Characteristics of the patients in the cross-sectional study were diabetes duration of 4 years, mean BMI of 29.6±5.5 kg/m², and median A1C of 7.4%, along with 32% of them receiving diet treatment, 56% receiving OHAs, and 12% treated with insulin with or without OHAs. Seventy percent of patients reported using SMBG with a median of 4 tests per week, and the 30% who refused to perform SMBG did so for a variety of reasons, including no education on how to perform SMBG, no motivation to start SMBG, fear of finger pricks, and physical or mental disability preventing its use. Additionally, all 66% of patients treated by diet control alone were adherent SMBG users, compared to 64% of the patients treated with insulin and 25% of the OHA-treated patients. Subjects more adherent to using SMBG were those who self-reported hypoglycemic events, were younger, had lower A1C, were insulin users, had a lower alcohol consumption, received diabetes education, visited diabetes-related outpatient clinics, and took insulin with or without OHAs (Groups 3 and 4). However, compared to less adherent users, these patients reported worse general health, including impairment in mobility and activity, decrease in self-care and social/personal relationships, and a decrement in positive feelings. No association was noted between fasting plasma glucose and SMBG or DQOL measures and SMBG. Additionally, there was no significant glycemic benefit associated with SMBG in any treatment group.

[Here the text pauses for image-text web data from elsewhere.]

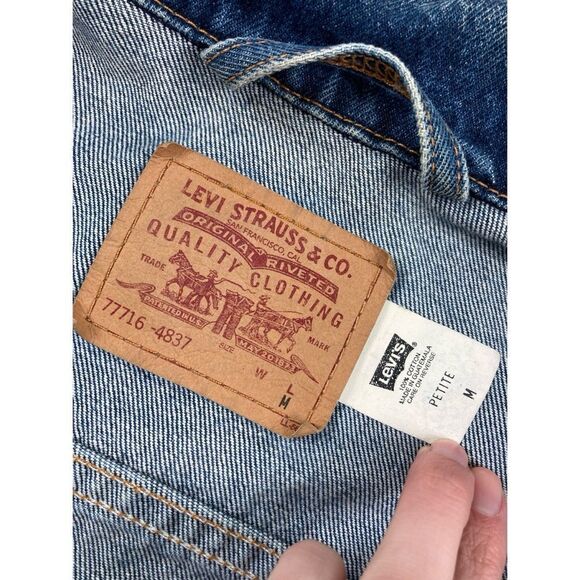 Vintage Y2k Levi’s denim jacket - Picture 4 of 5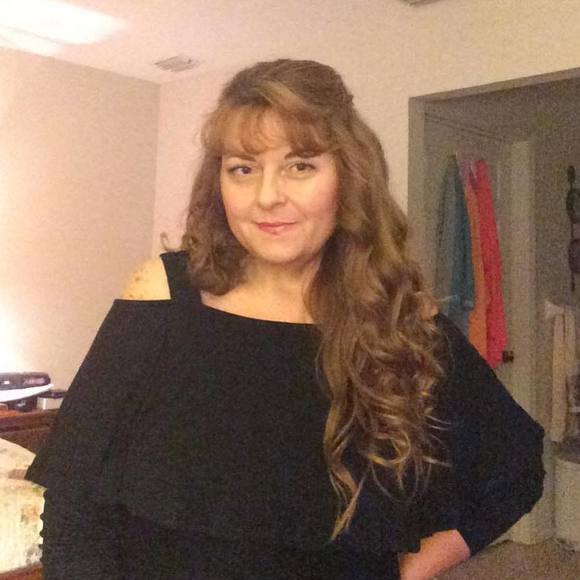 Profile Picture of Paula Wiley (@pcpaula1) on Poshmark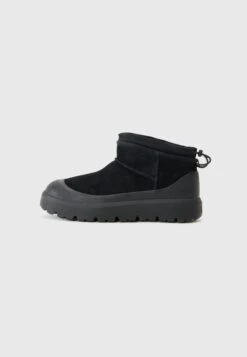 Ugg ULTRA UNISEX - Winter Boots - Black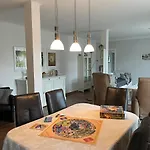 Little Apartamento *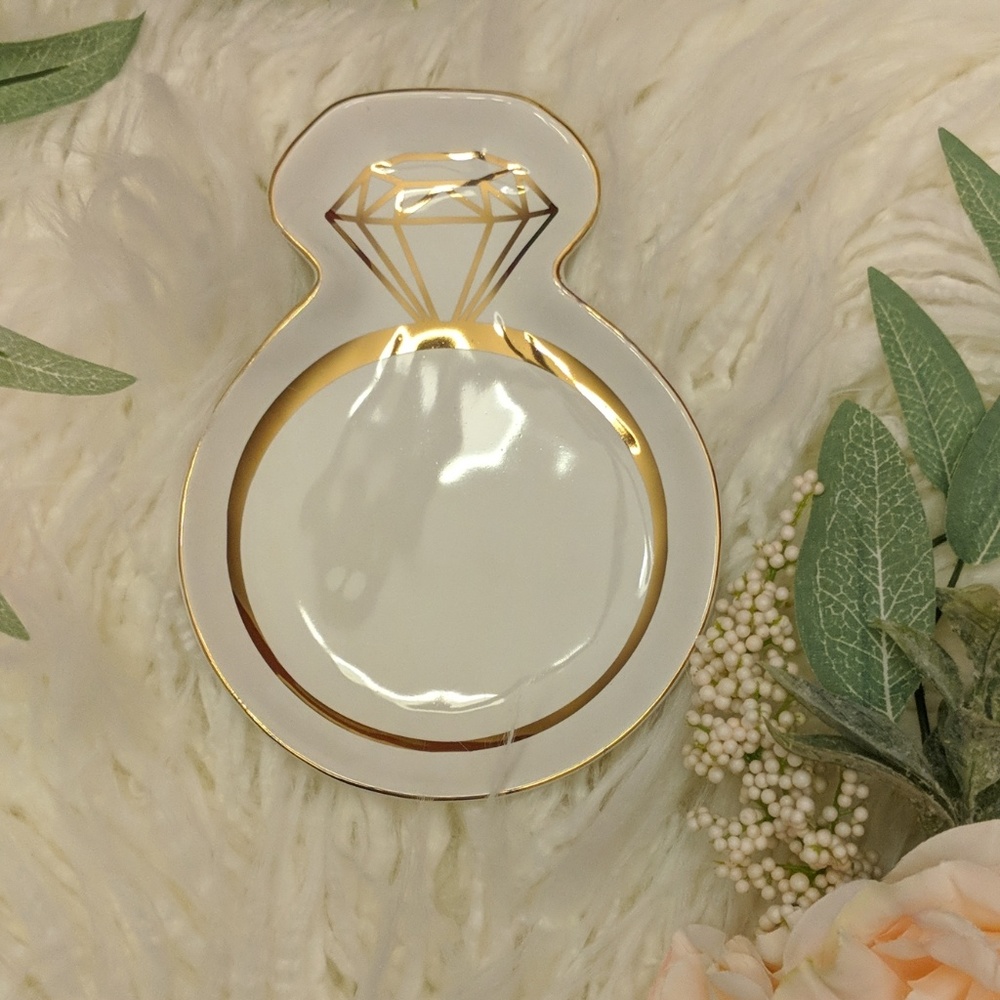 Engagement Ring Dish - Picture 3 of 3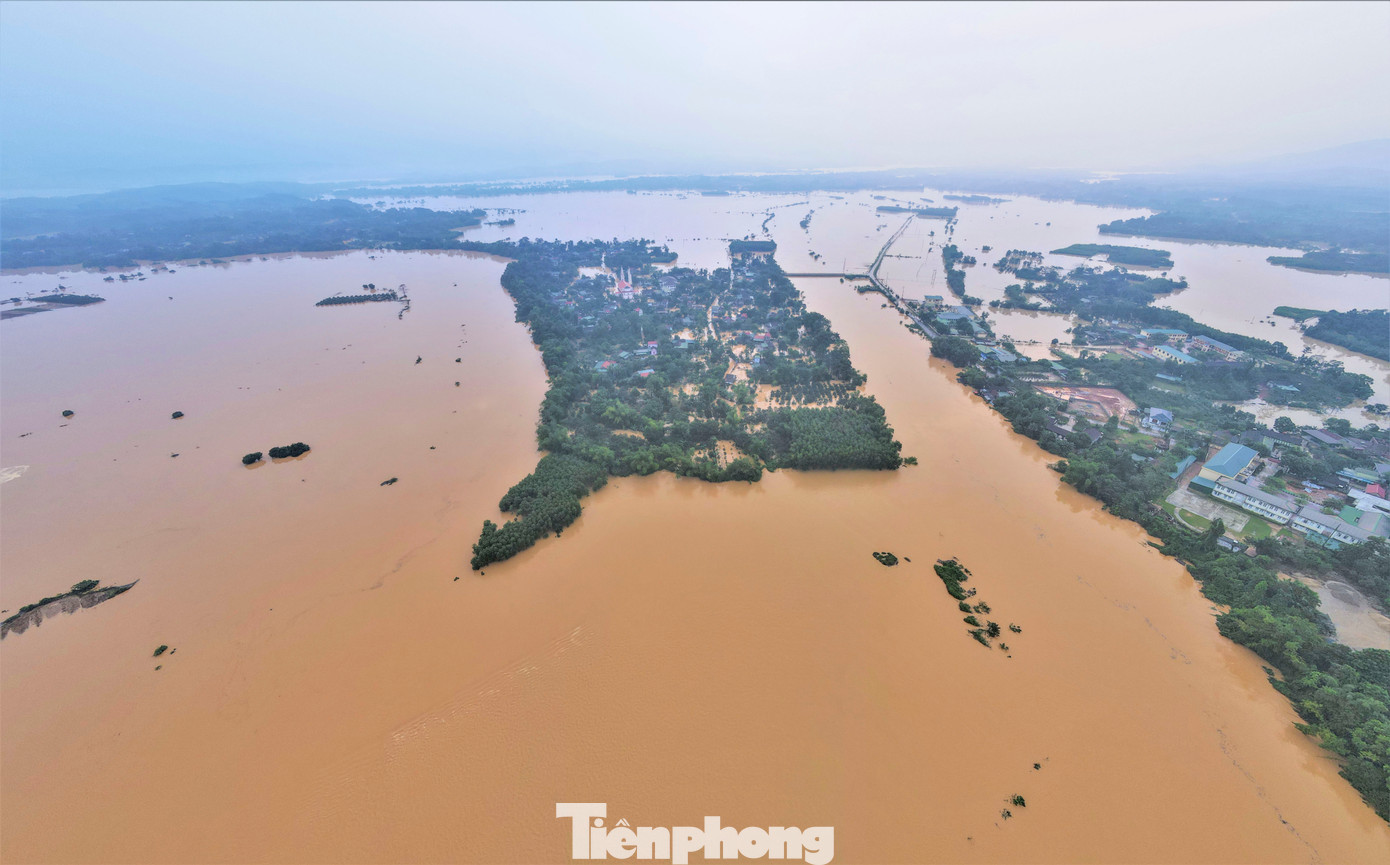 Theo báo cáo của UBND huyện Hương Khê, mưa lũ từ ngày 29 đến 31/10 đã làm ngập gần 2.400 hộ dân nước vào vườn. Trong đó hơn 980 hộ nước vào nhà ở; 8 trường học bị ngập; 27 hội quán thôn; 3 trạm y tế; 2 bưu điện cùng gần 30ha diện tích cây trồng vụ đông bị ngập.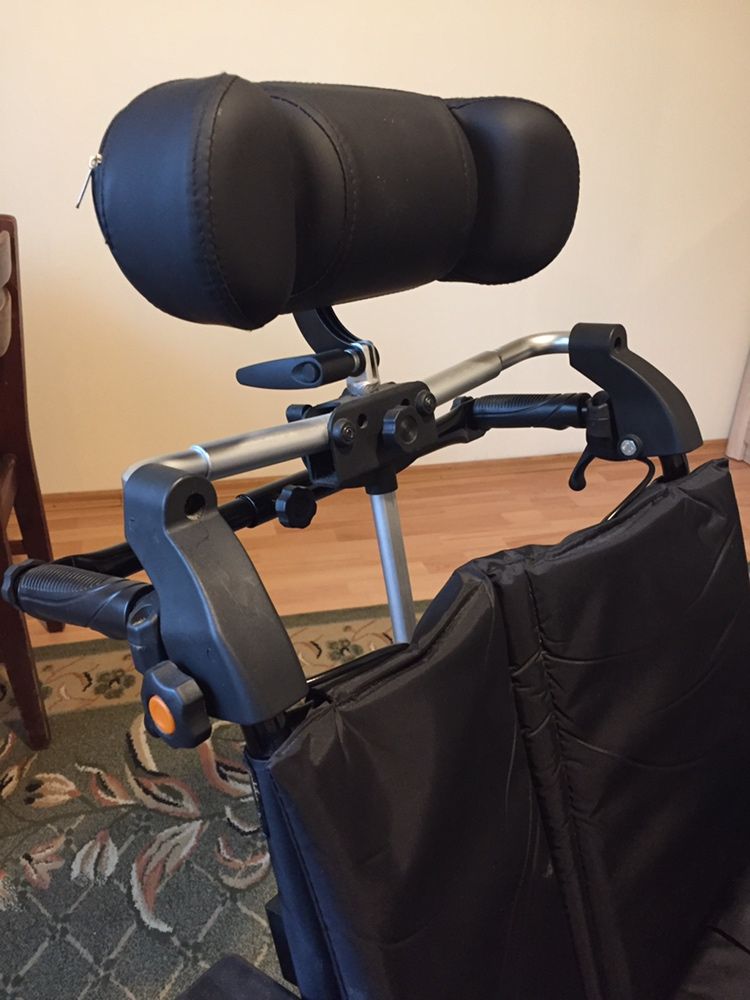 Wózek inwalidzki premium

Compared to the 763 other patients at baseline, the subgroup of 531 who attended annual assessments were generally younger, more likely to be male, had a shorter diabetes duration, better glycemic control, fewer diabetic complications, and were less likely to have died prior to follow-up. Additionally, there was a notable increase over time in the proportion of people using SMBG, from 75.2% at baseline to 85.5% at the third assessment following baseline review. There was also a decrease in diabetes-treated patients from 34.8% at entry to 19.4% at the fifth assessment following baseline review; in contrast, OHA users increased from 57.5% to 64.9% and those using insulin with or without OHAs doubled from 7.8% to 15.7%. Similar to the cross-sectional group, the longitudinal cohort did not manifest any difference in A1C or FPG within treatment groups based on SMBG status. SMBG costs for diet and OHA-treated patients were similar, whereas the costs were lower for insulin-treated patients; projected annual costs for SMBG would be A$51 million (Australian) with an additional A$6 million (US $4,548,901) for glucometers.

Although the American Diabetes Association posits that SMBG should be performed 3 or more times per day for insulin-treated patients and supports low-level evidence of benefits to patients using once-daily insulin, OHAs, or diet alone, this study did not prove a positive association between SMBG testing or its frequency with glycemic benefit in patients with type 2 diabetes. The authors concluded that study limitations, including the lack of evaluation of SMBG delivery and application, as well as other independent variables, may explain this difference. Regardless of these factors, SMBG can be useful in the identification and prevention of hypoglycemia and dose adjustment.